● Task to carry out
At the line containing "Thumbnail: 2023 Audi Q8 - 9", begin an exact copy, and continue through the last line of the entries below. Leave out any pictures.
BEGIN Record excerpts
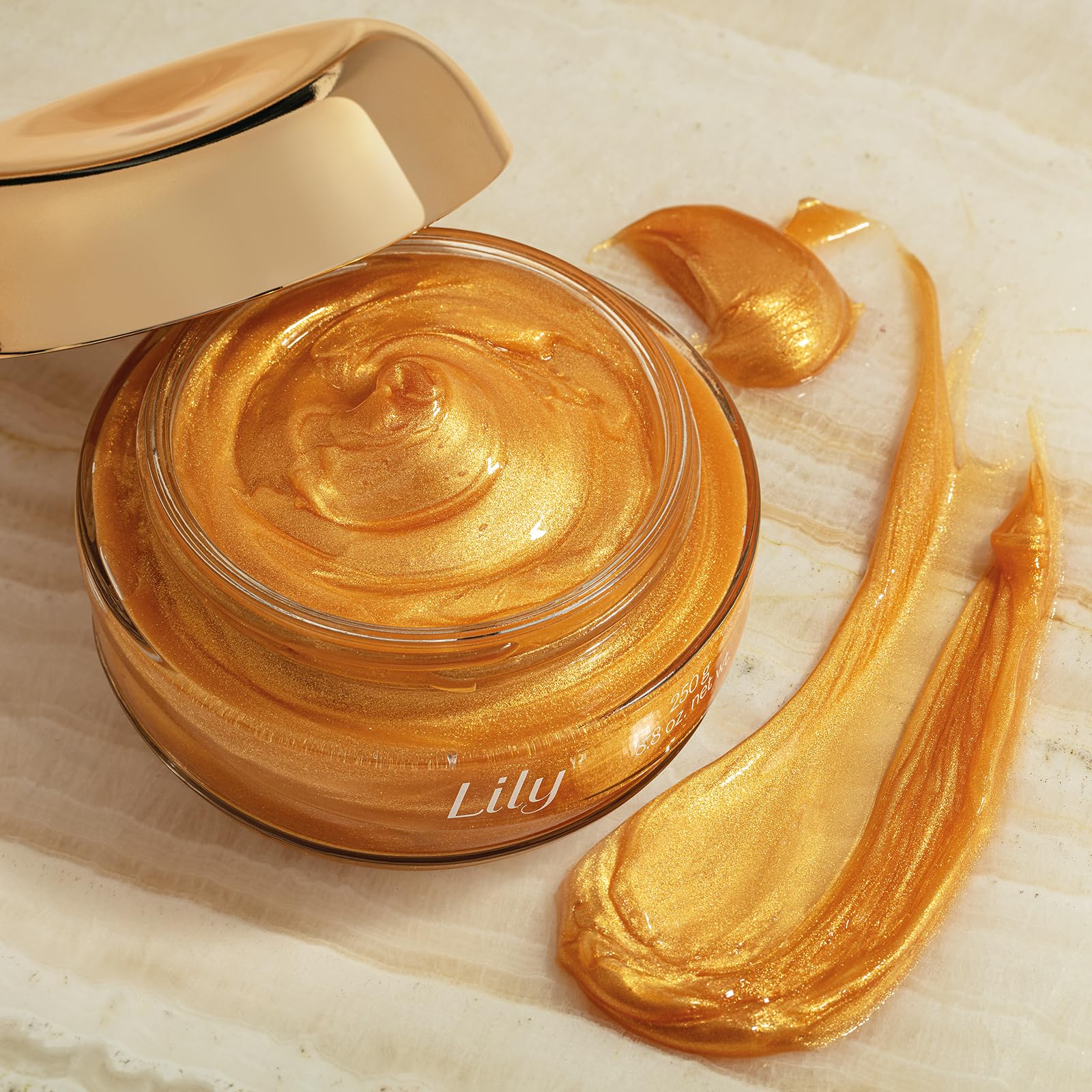 O BOTICÁRIO Lily jasmine-mandarin fragrance evokes modern chic.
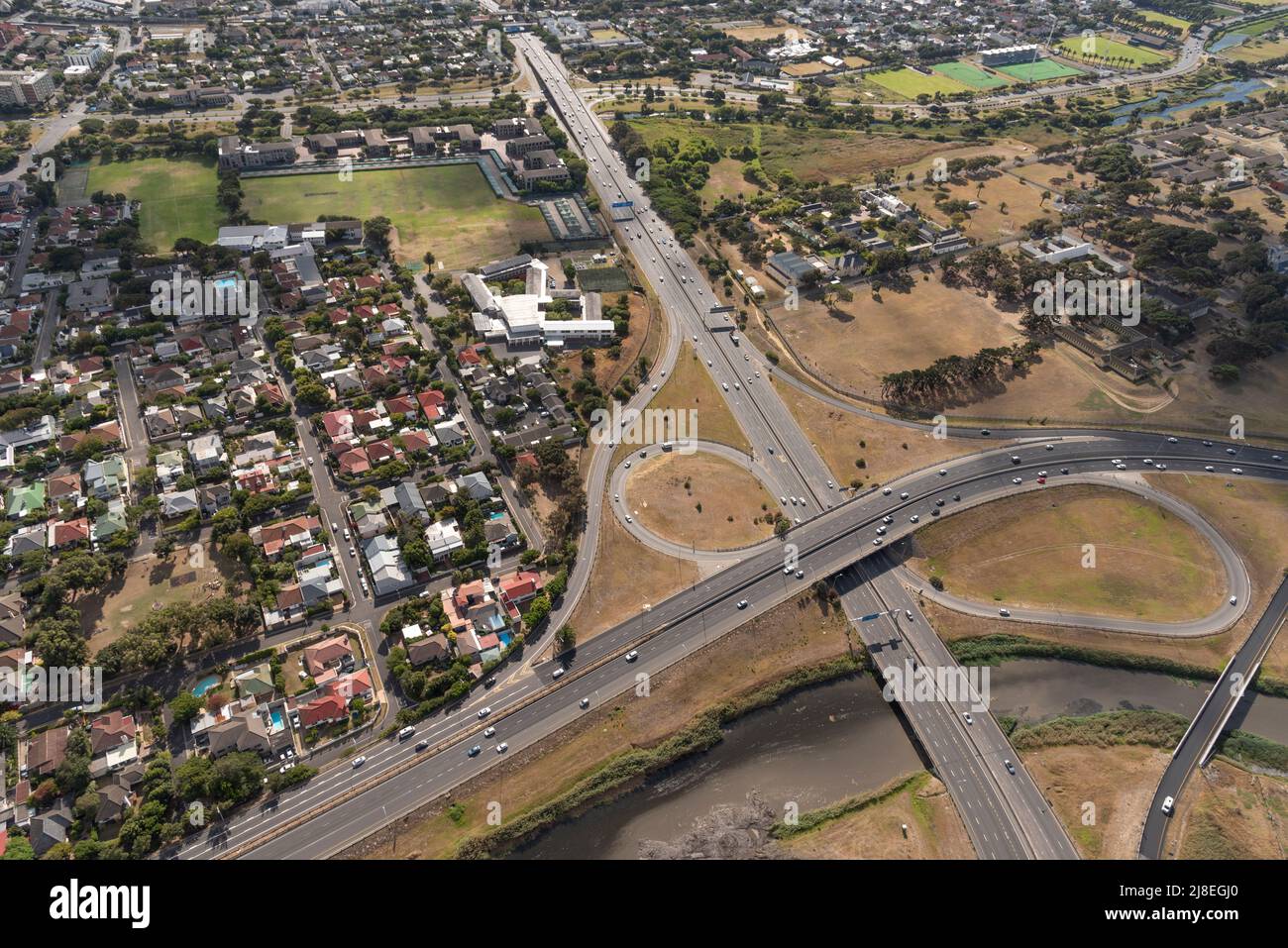 Città del Capo, Sudafrica. 2022. Vista aerea delle autostrade M5 e N2 e dell'ospedale Valkenberg in alto a destra vicino al centro di Città del Capo. Foto Stock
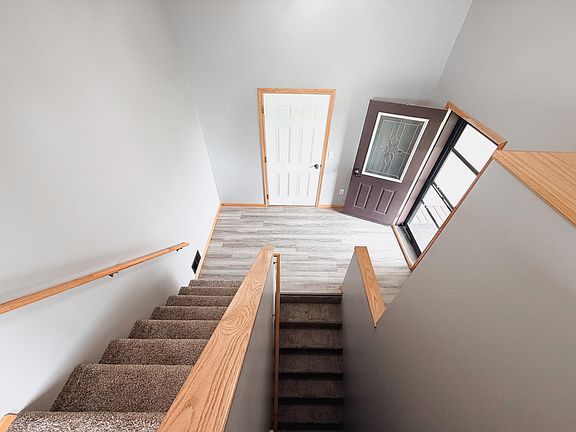 5th image of 2550 Frank Ave SE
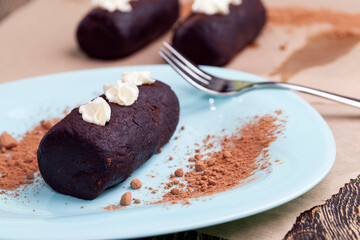 cake is made of butter, sugar, sponge cake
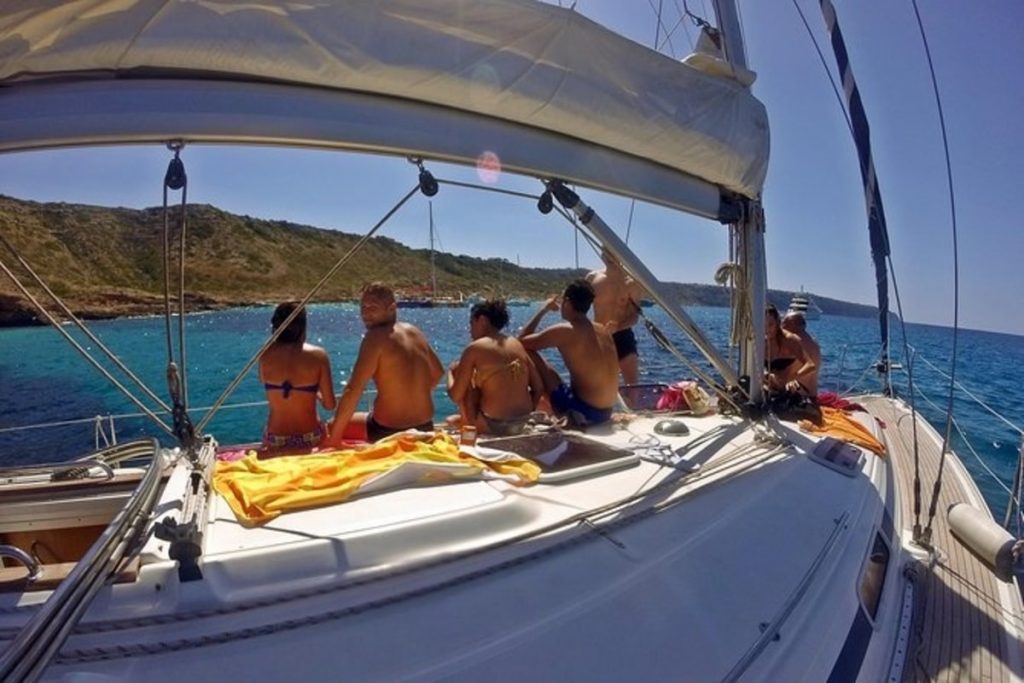 Guests enjoying a sailing tour in Palma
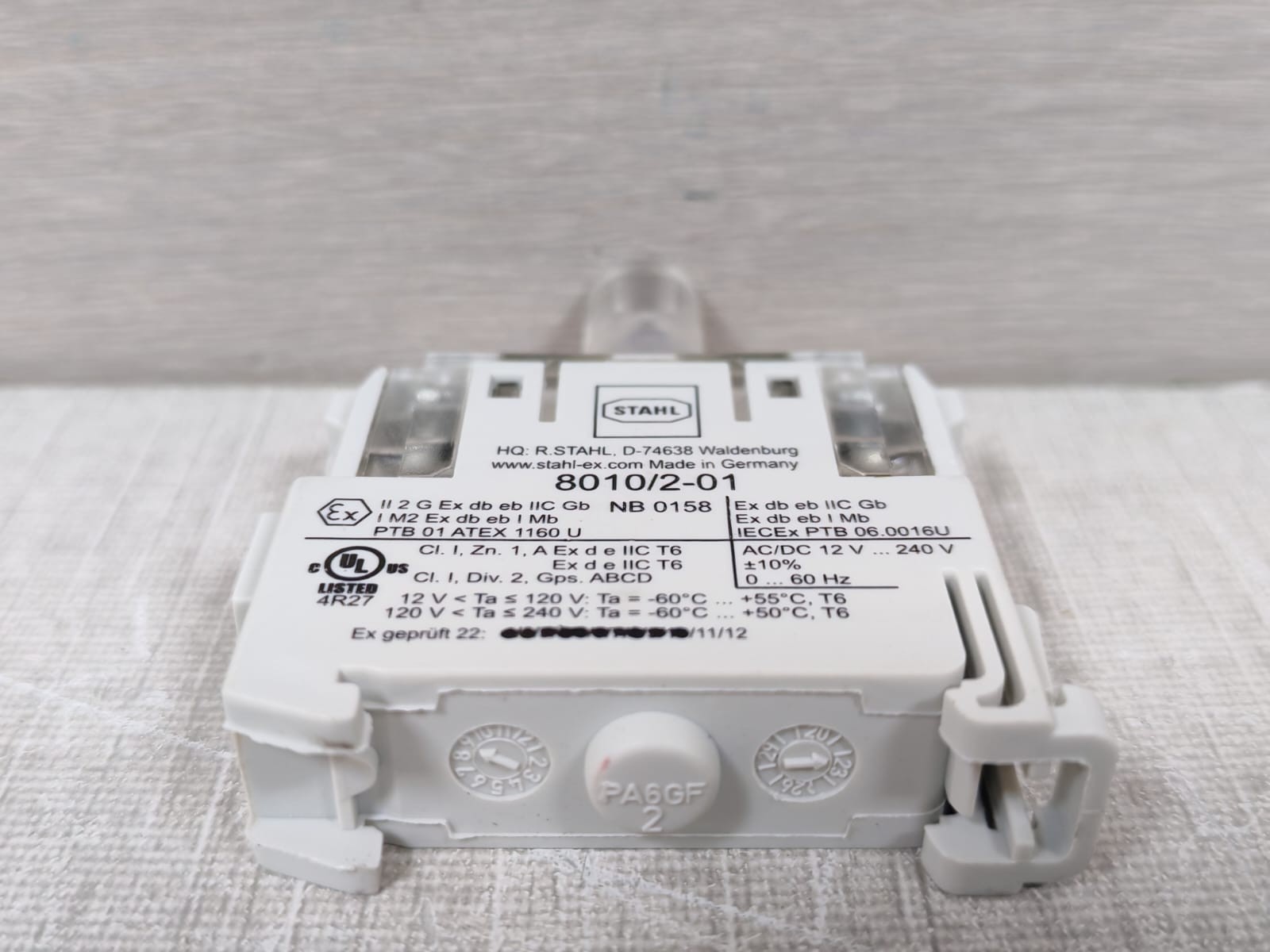Stahl 8010/2-01 Stahl 8010/2-01 Led Indicator Light with 8602C3-054-B Actuator Pushbutton 9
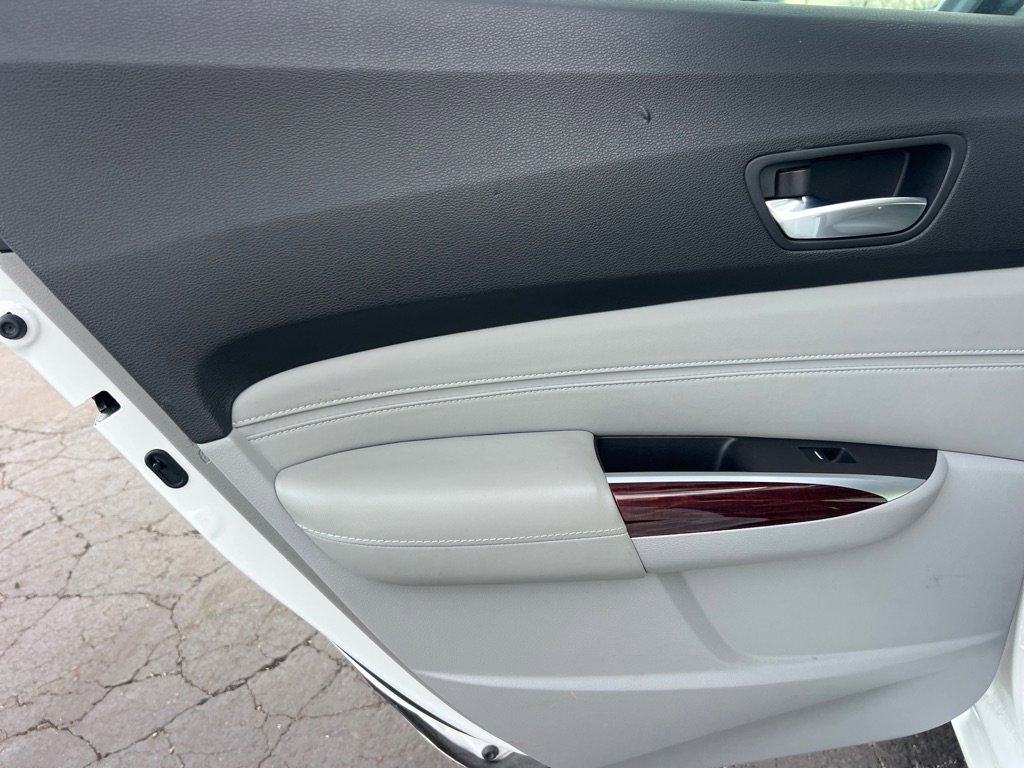Used 2016 Acura TLX image 13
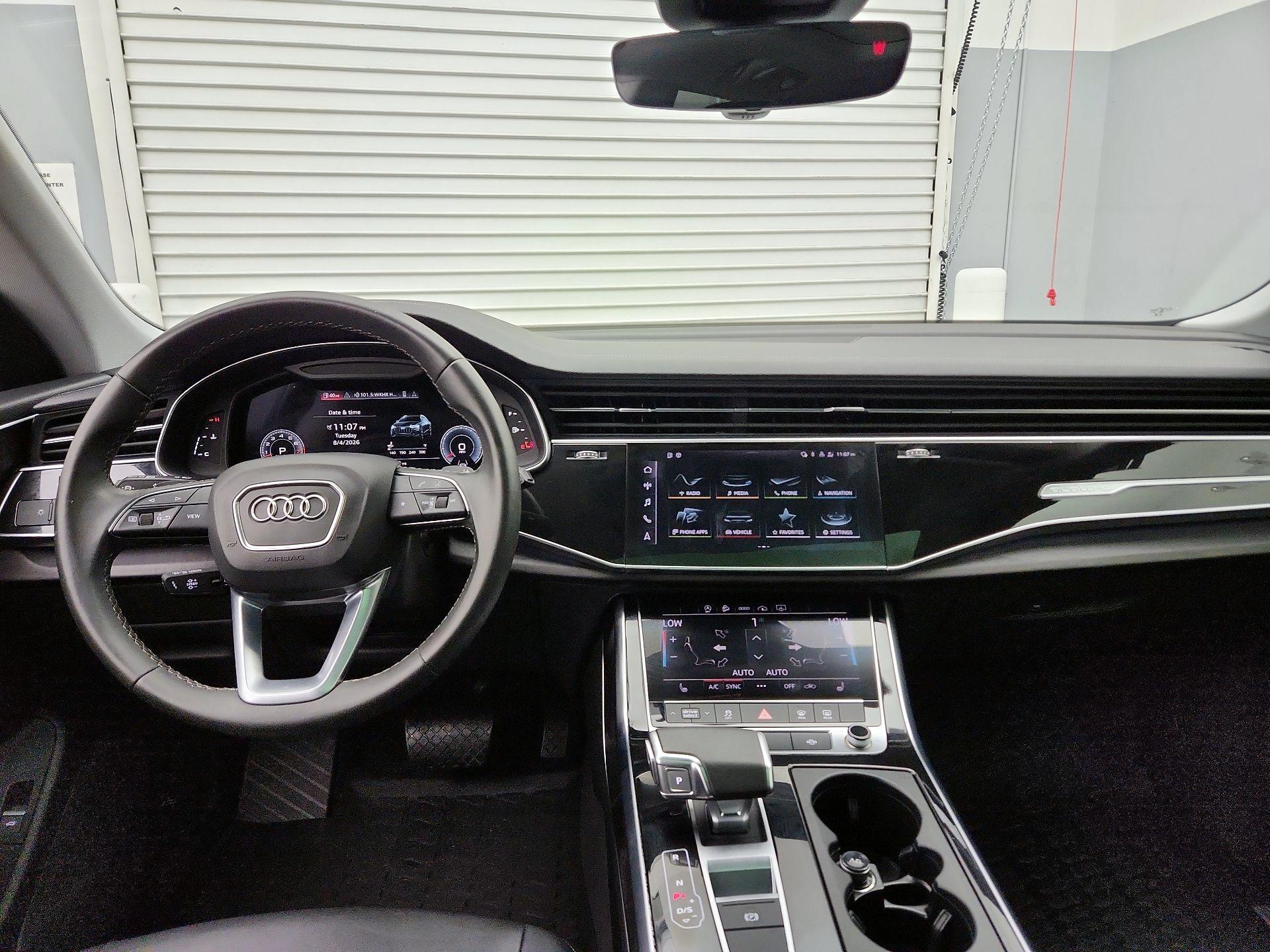 Thumbnail: 2023 Audi Q8 - 9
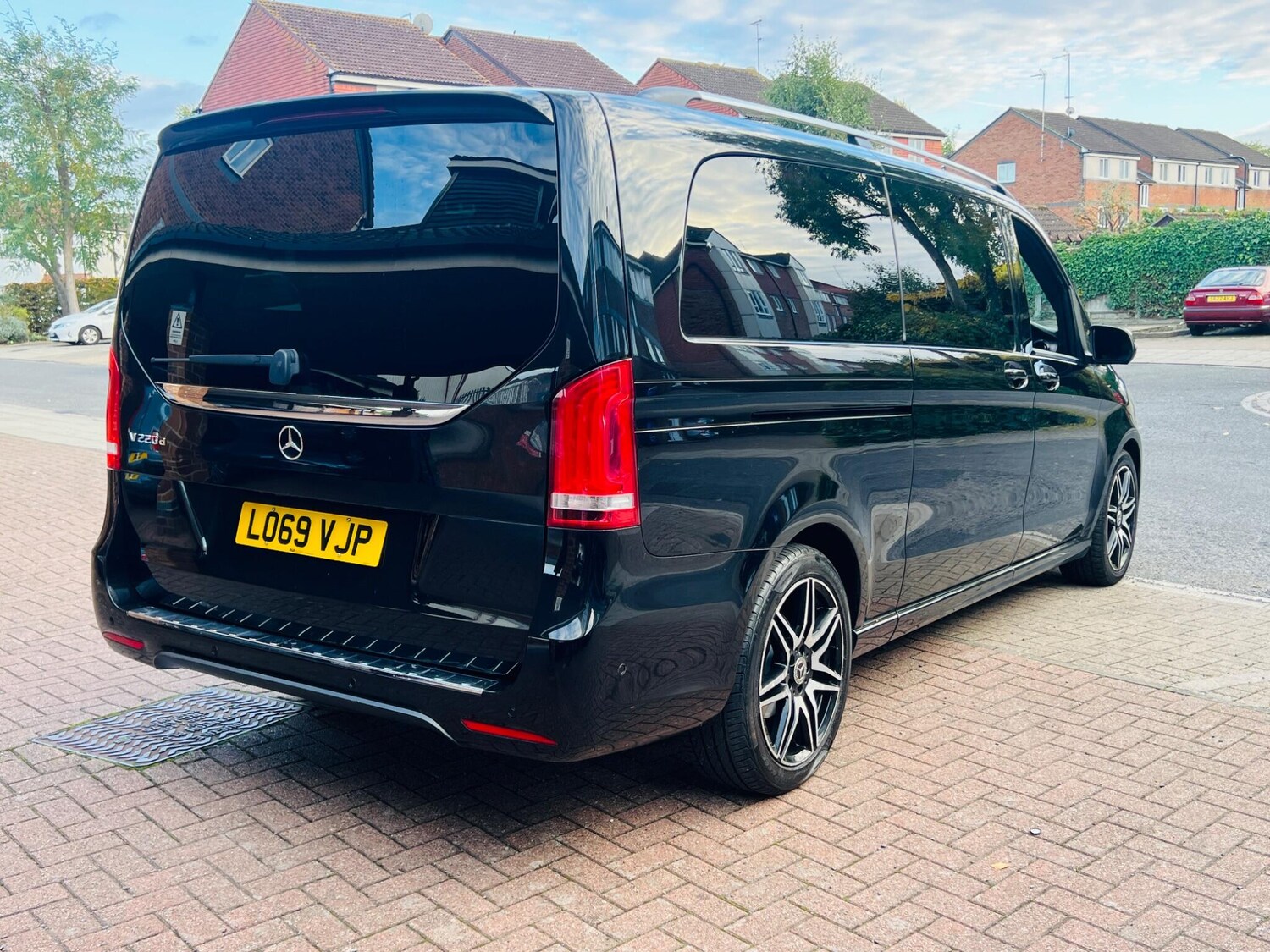 Used Mercedes-Benz V-Class 2019 for sale - 76486863: Photo 22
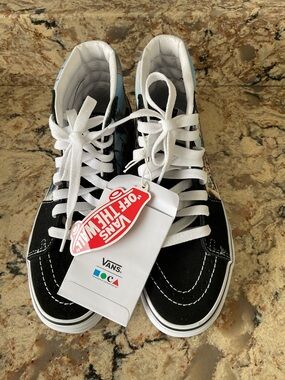 New Kids Vans Multi Color High Top Sneakers with Graphic Pane
Unisex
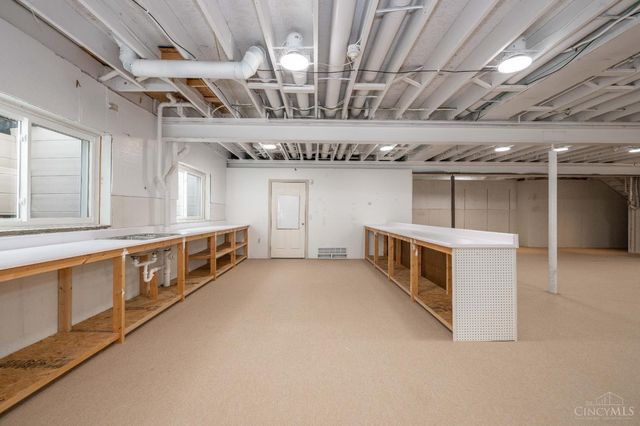 9034 Amy Marie Drive, West Chester, OH 45069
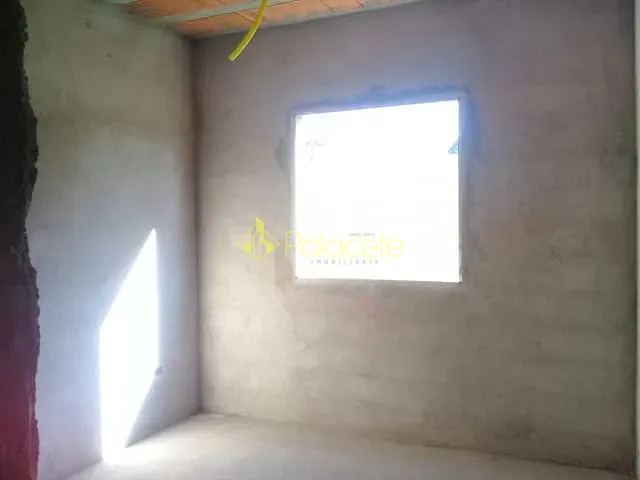 Apartamento 2 quartos e 1 banheiro, à venda, no bairro Jardim Padre Rodolfo em Pindamonhangaba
END Record excerpts
● Output for this exercise
 Thumbnail: 2023 Audi Q8 - 9
 Used Mercedes-Benz V-Class 2019 for sale - 76486863: Photo 22
 New Kids Vans Multi Color High Top Sneakers with Graphic Pane
Unisex
 9034 Amy Marie Drive, West Chester, OH 45069
 Apartamento 2 quartos e 1 banheiro, à venda, no bairro Jardim Padre Rodolfo em Pindamonhangaba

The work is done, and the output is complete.